TO DO:
Your task is to restate every entry below word for word and omit the images.

------------------------------------------------------------------------

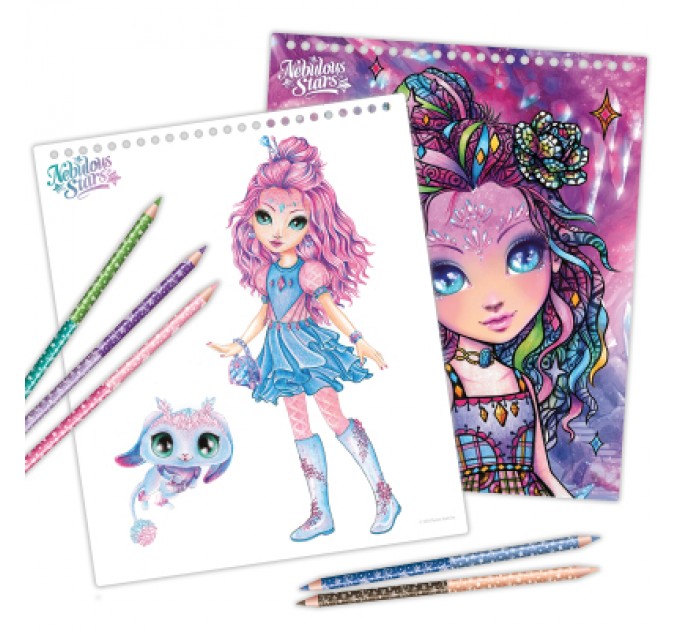 Nebulous Stars Набір для творчості Nebulous Stars Скетчбук Кристалія. Мотиви самоцвітів (11140)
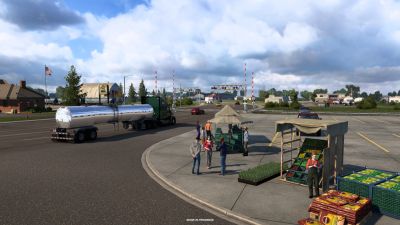 Новые скриншоты из будущего DLC Южная Дакота для American Truck Simulator - поселения - playground.ru - Сша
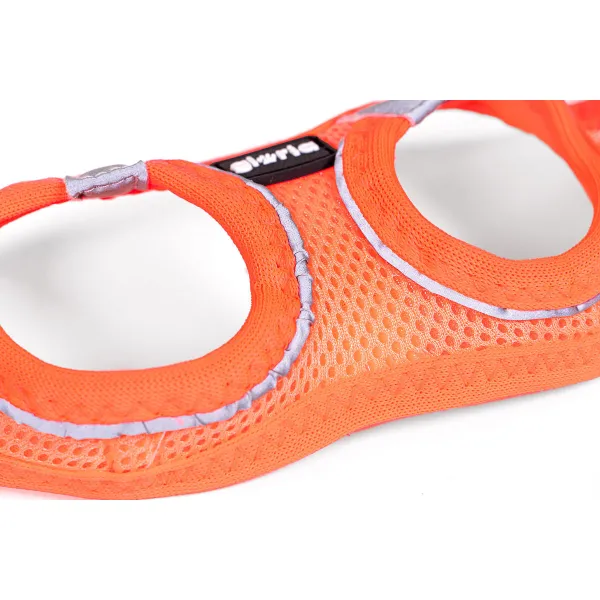 Dog Harness Gloria Trek Star Orange M 32,8-35,4 cm 45-47 cm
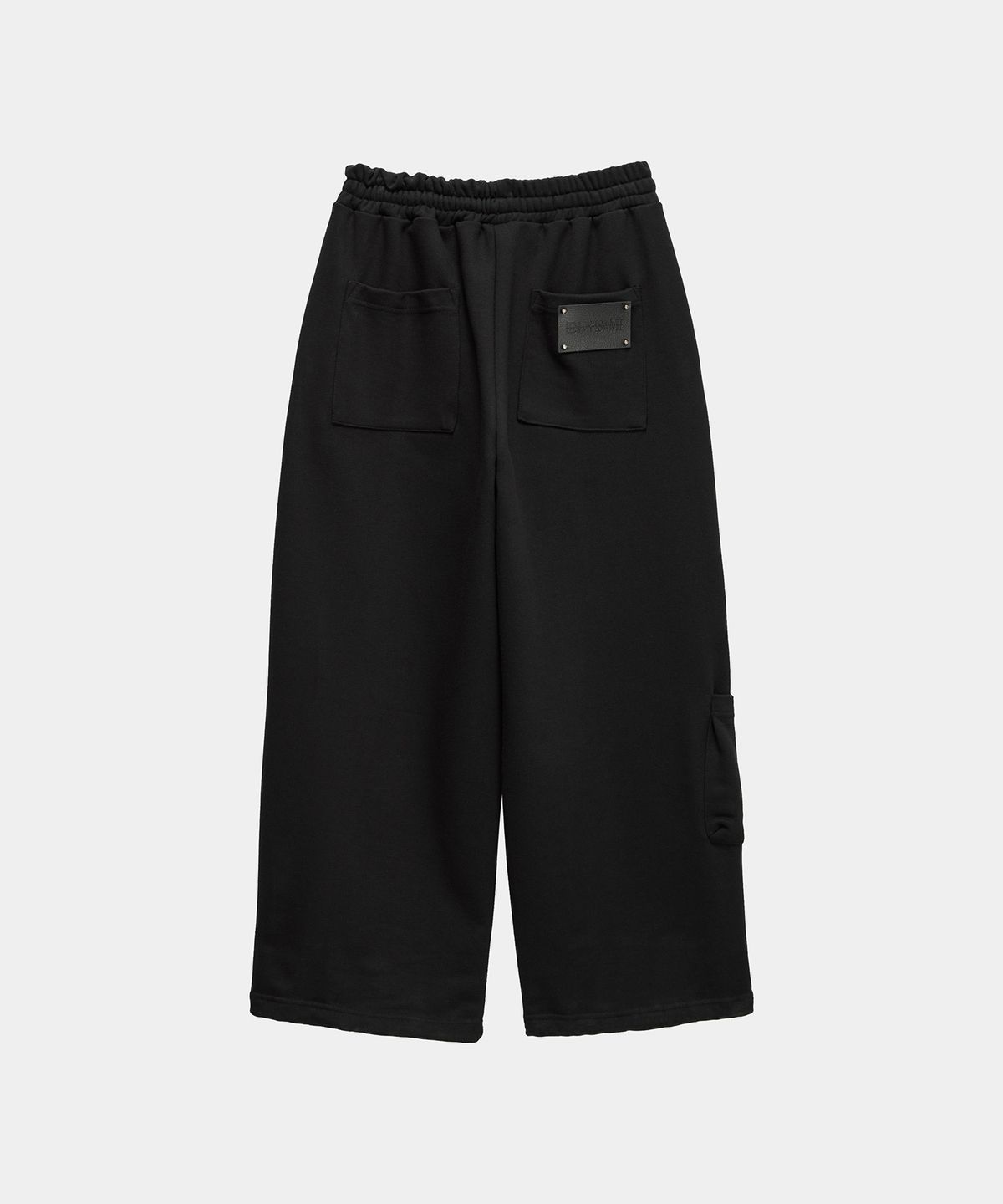 에트오소메(ETRE AU SOMMET) Belted Raw Edge Wide Pants (Black)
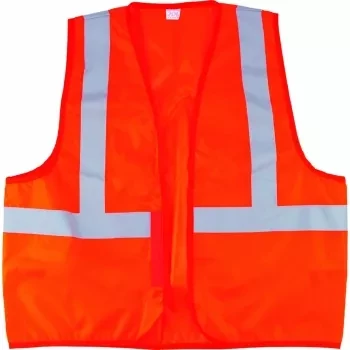 Жилет сигнальный, оранжевый, размер XXL  СИБРТЕХ 89514 купить в Губкинске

------------------------------------------------------------------------

RESPONSE TO THIS EXERCISE:
 Nebulous Stars Набір для творчості Nebulous Stars Скетчбук Кристалія. Мотиви самоцвітів (11140)
 Новые скриншоты из будущего DLC Южная Дакота для American Truck Simulator - поселения - playground.ru - Сша
 Dog Harness Gloria Trek Star Orange M 32,8-35,4 cm 45-47 cm
 에트오소메(ETRE AU SOMMET) Belted Raw Edge Wide Pants (Black)
 Жилет сигнальный, оранжевый, размер XXL  СИБРТЕХ 89514 купить в Губкинске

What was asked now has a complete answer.